# Text Processing with spaCy
Exploring basic processes using the spaCy python package. 

In [1]:
import spacy
import pandas as pd
from numpy import dot
from numpy.linalg import norm
from spacy.en import English
from collections import Counter

from IPython.core.display import display, HTML
pd.set_option('display.max_colwidth', -1)

In [2]:
nlp = spacy.load('en')

## Read Document
The nlp command instantiates the in memory document into the spacy english model class so we can perform operations on. 

In [4]:
with open('../data/11-0.txt','r') as f:
    alice_text = f.read()
    
doc = nlp(alice_text)  # Instantiate the document as a spacy.english model class.

## Tokenization
Tokens are building blocks that form a setence, breaking them down is called tokenization. The object that is created from the instantiation represents the words as tokens.

In [5]:
# Get the 100th token of the document.
token = doc[99]
print(token)

Last


## Sentences
In some circumstances it's better to process a document by individual sentences. SpaCy exposes this as the ```sents``` attribute. 

In [6]:
sentences = [sentence.orth_.replace('\n', ' ') for sentence in doc.sents]  # List comp, also replacing newline chars
print('Sentences found: ' + str(len(sentences)))
pd.DataFrame(sentences[10:20])

Sentences found: 1431


Unnamed: 0,0
0,"Either the well was very deep, or she fell very slowly, for she had plenty of time as she went down to look about her and to wonder what was going to happen next."
1,"First, she tried to look down and make out what she was coming to, but it was too dark to see anything; then she looked at the sides of the well, and noticed that they were filled with cupboards and book-shelves; here and there she saw maps and pictures hung upon pegs."
2,She took down a jar from one of the shelves as she passed; it was labelled ‘
3,"ORANGE MARMALADE’, but to her great disappointment it was empty: she did not like to drop the jar for fear of killing somebody, so managed to put it into one of the cupboards as she fell past it. ‘"
4,"Well!’ thought Alice to herself, ‘after such a fall as this, I shall think nothing of tumbling down stairs!"
5,How brave they’ll all think me at home!
6,"Why, I wouldn’t say anything about it, even if I fell off the top of the house!’ (Which was very likely true.)"
7,"Down, down, down."
8,Would the fall NEVER come to an end! ‘
9,I wonder how many miles I’ve fallen by this time?’ she said aloud. ‘


## Noun Chunks 
These are phrases build from recovered nouns from speech tags, we can access this using the ```noun_chunks``` attribute which returns a generator of the clusters of nouns.

In [7]:
# Example sentence from alice (6)
subset_sentence = nlp("Why, I wouldn’t say anything about it, even if I fell off the top of the house!’ (Which was very likely true.)")
print([chunk for chunk in subset_sentence.noun_chunks])
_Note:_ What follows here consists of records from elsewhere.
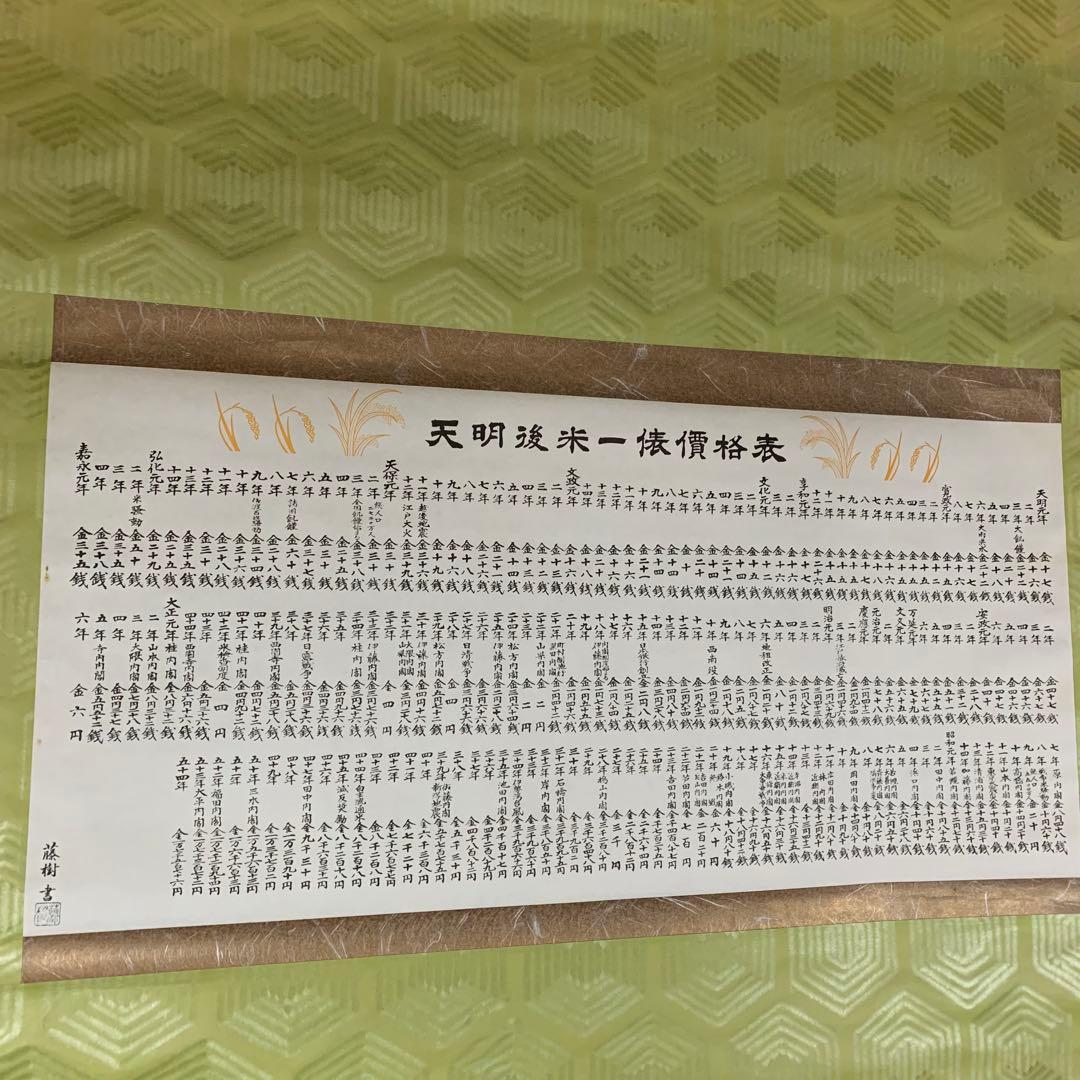 【珍品】掛軸　和暦天明～米価表 推移　黄緑色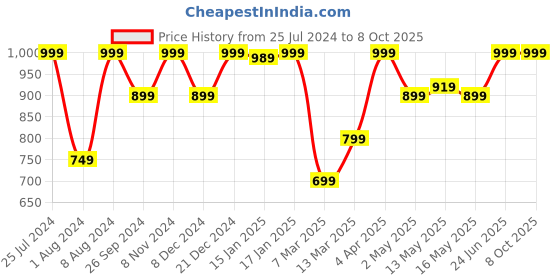 myntra.com bwitch Blue Self Design Non-Wired Non Padded Basic Bra bwitch Price History Graph from 25 Jul 2024 to 6 Oct 2025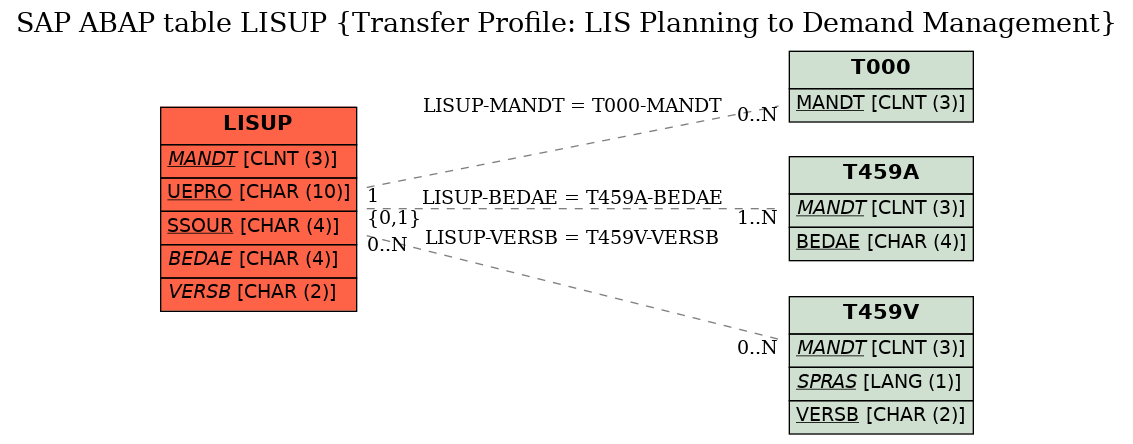 E-R Diagram for table LISUP (Transfer Profile: LIS Planning to Demand Management)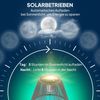Novzep LED Stehlampe Solar Stehlampe Rattan Solarlampen Lichtsensor LED Solarleuchte, im Boho-Stil Ø33x135 cm Bild 4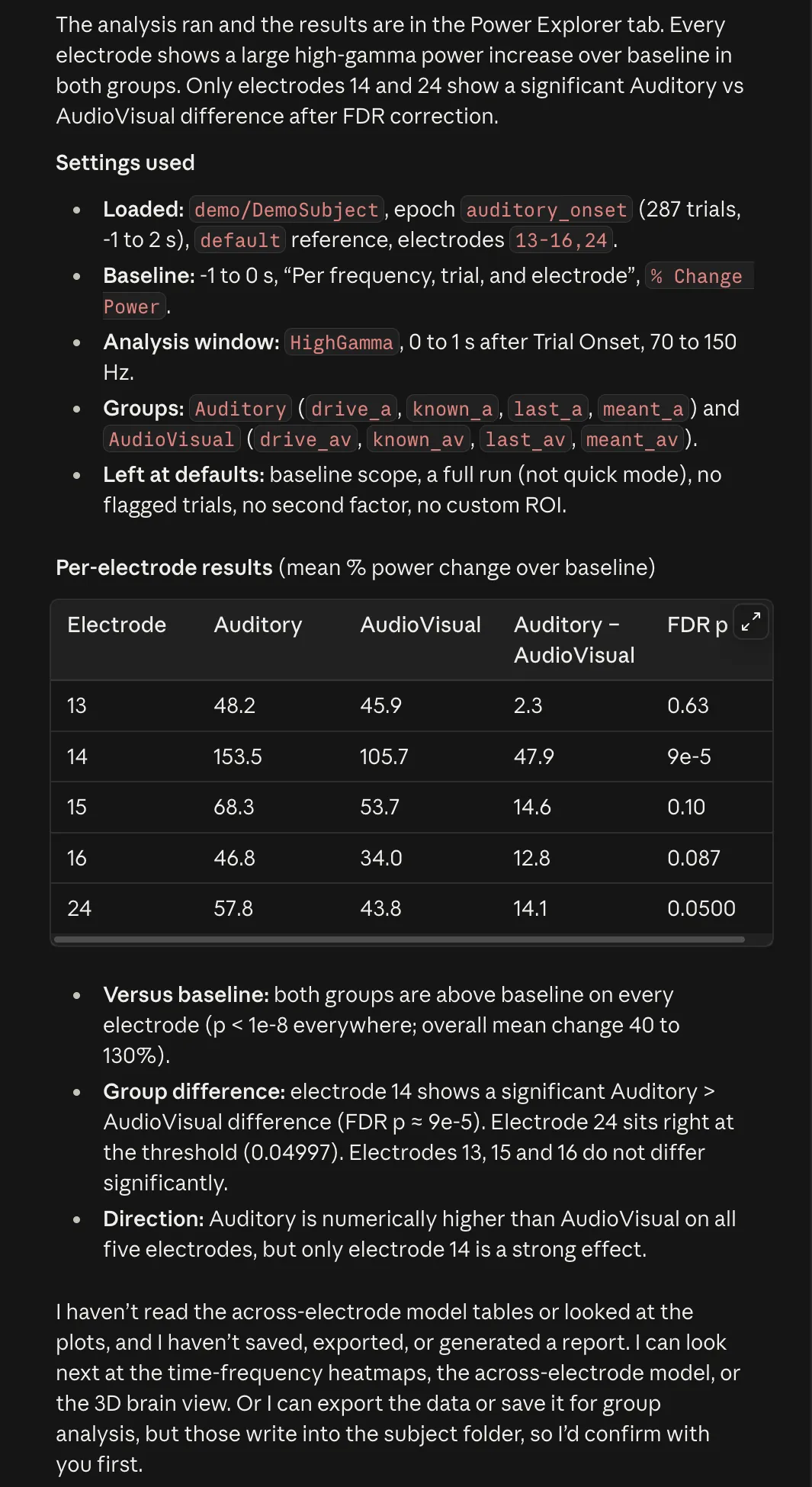 The agent's summary of the settings used and a table of results for each electrode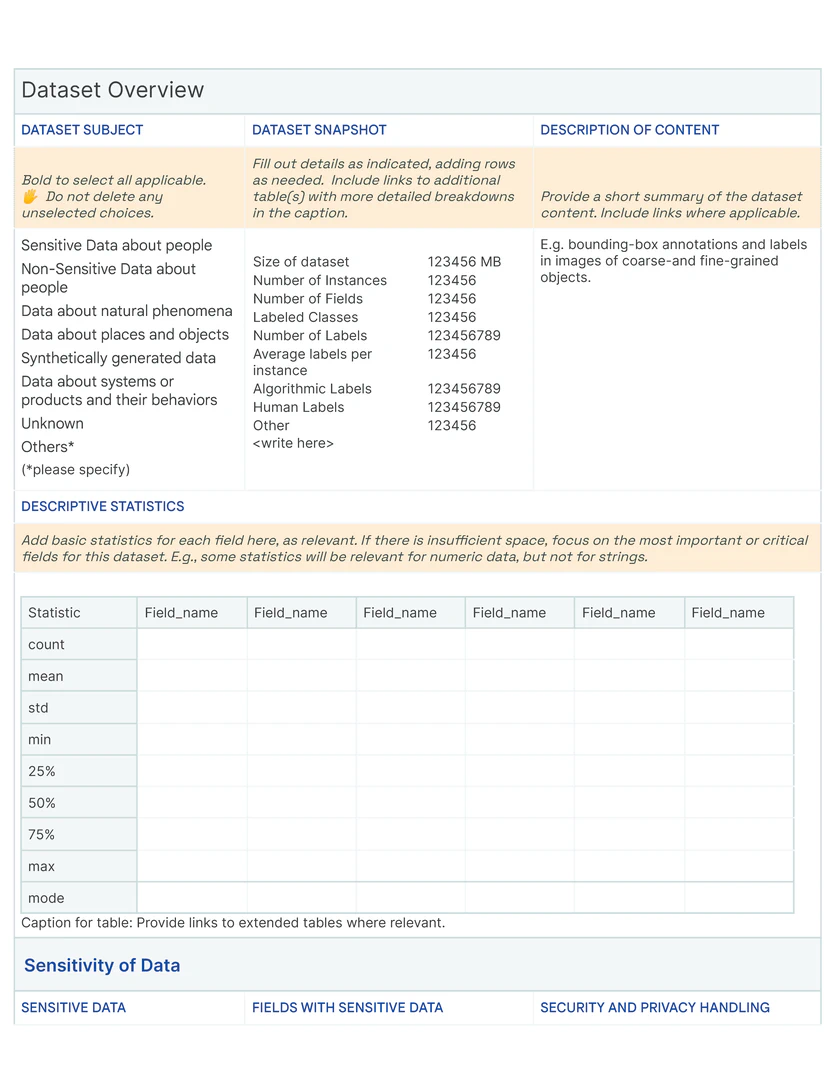 Data Card Template - The _Dataset Overview_  section (1/3) of the Data Card was designed as a top-level summary of the dataset that could be included within other transparency artifacts. In those cases, we encourage producers to include a link to a more complete Data Card with other sections.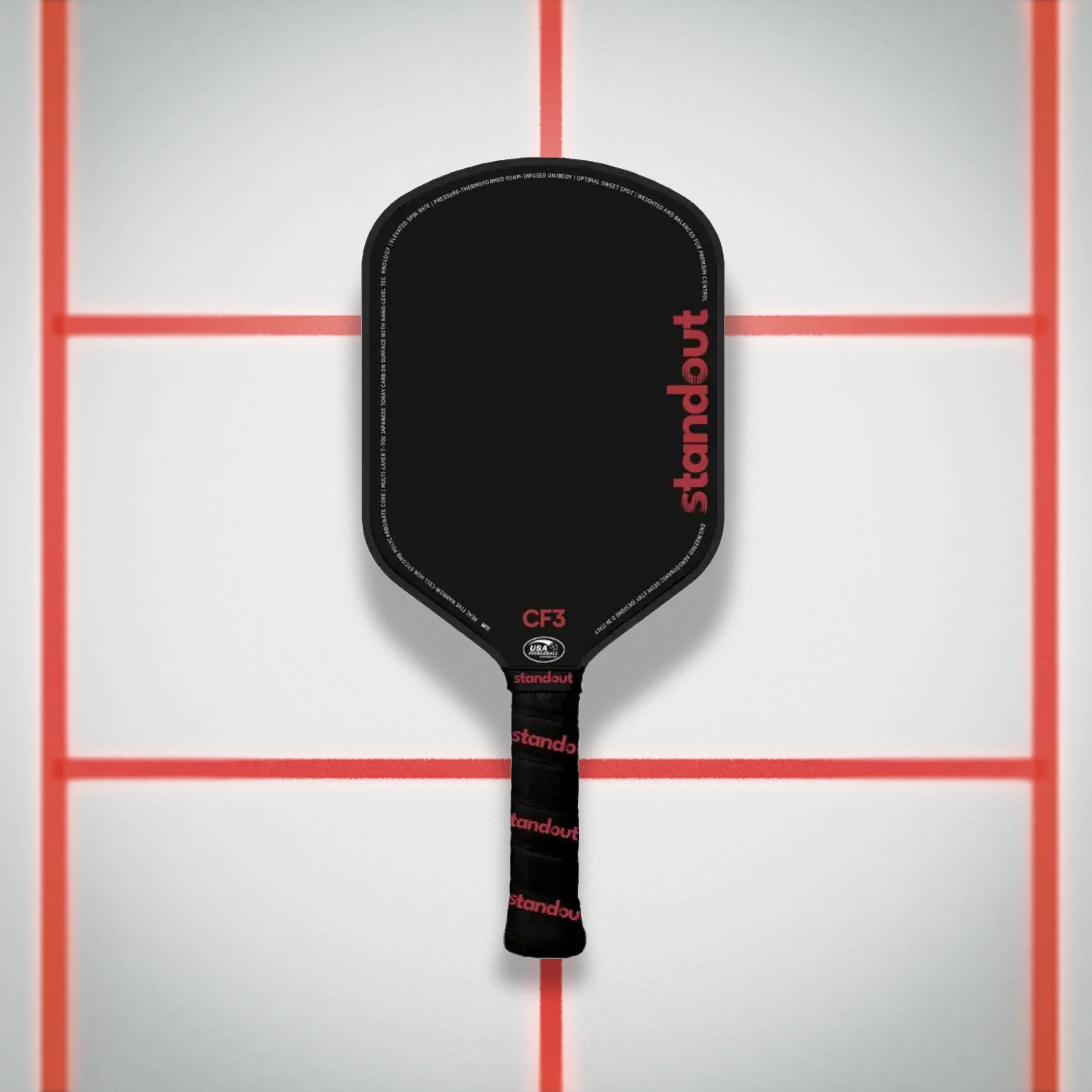 Guide to choosing the right Standout pickleball paddle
[I, anything, it, I, the top, the house!’]


## Noun Phrases
Noun phrases can be helpful for determining the topic of text. This operation can also be perfomed on the document

In [8]:
noun_phrases = [[np.orth_, np.root.head.orth_] for np in doc.noun_chunks]
print('Total noun phrases: ' + str(len(noun_phrases)))
pd.DataFrame(noun_phrases[30:40])

Total noun phrases: 8025


Unnamed: 0,0,1
0,she,peeped
1,the\nbook,reading
2,her sister,was
3,it,had
4,no pictures,had
5,conversations,pictures
6,it,in
7,what,is
8,the use,thought
9,"a book,’",thought


## Keywords using noun chunks

In [9]:
keywords = Counter()
for chunk in doc.noun_chunks:
    if nlp.vocab[chunk.lemma_].prob < - 8:  # Probability value of neg 8 is the threshold
           keywords[chunk.lemma_] += 1
keywords.most_common(10)

[('-PRON-', 2700),
 ('alice', 331),
 ('the queen', 55),
 ('the king', 52),
 ('the gryphon', 50),
 ('the hatter', 48),
 ('the mock turtle', 45),
 ('-PRON- head', 36),
 ('the duchess', 34),
 ('the dormouse', 27)]

## Entities
In information extraction it's useful to use a named entity recognition tool to be able to identify persons, organizations, locations, time, quanity, values and other categorical distinctions of tokens. This is exposed as the ```ents``` attribute and the example will show a subset of the top 5 person entities within the text.

In [10]:
entities = list(doc.ents)  # Create list of documents entities
people = [entity.orth_ for entity in entities if entity.label_ in ['PERSON']]
pd.DataFrame(people)[0].value_counts()[:5]  # Print out the top five person entities within the text. 

Alice      368
Gryphon    42 
Queen      32 
Mock       25 
Mouse      22 
Name: 0, dtype: int64

## Parts of Speech
POS tagging is a method to assign the grammar tags given a word within a current context. This is very helpful when building nlp systems. These tags can be found from each individual token using the ```x.pos_``` attribute.

In [11]:
for token in doc[99:110]:
    print('{} - {}'.format(token, token.pos_))

Last - ADJ
Updated - VERB
: - PUNCT
October - PROPN
6 - NUM
, - PUNCT
2016 - NUM


 - SPACE
Language - NOUN
: - PUNCT
English - PROPN


## Word to Vector
Word vectors are a way to represent distributional similarity of words within a text. A popular method for training is using word2vect. SpaCy uses GloVe as an unsupervised algorithm to get the vector representation of words from the text supplied

In [12]:
parser = English()

# Find word vector for cat
cat = parser.vocab['cat']

# Cosine similarity function
cosine = lambda v1, v2: dot(v1, v2) / (norm(v1)*norm(v2))
others = list({w for w in doc.vocab if w.has_vector and w.orth_.islower() and w.lower_ != "cat"})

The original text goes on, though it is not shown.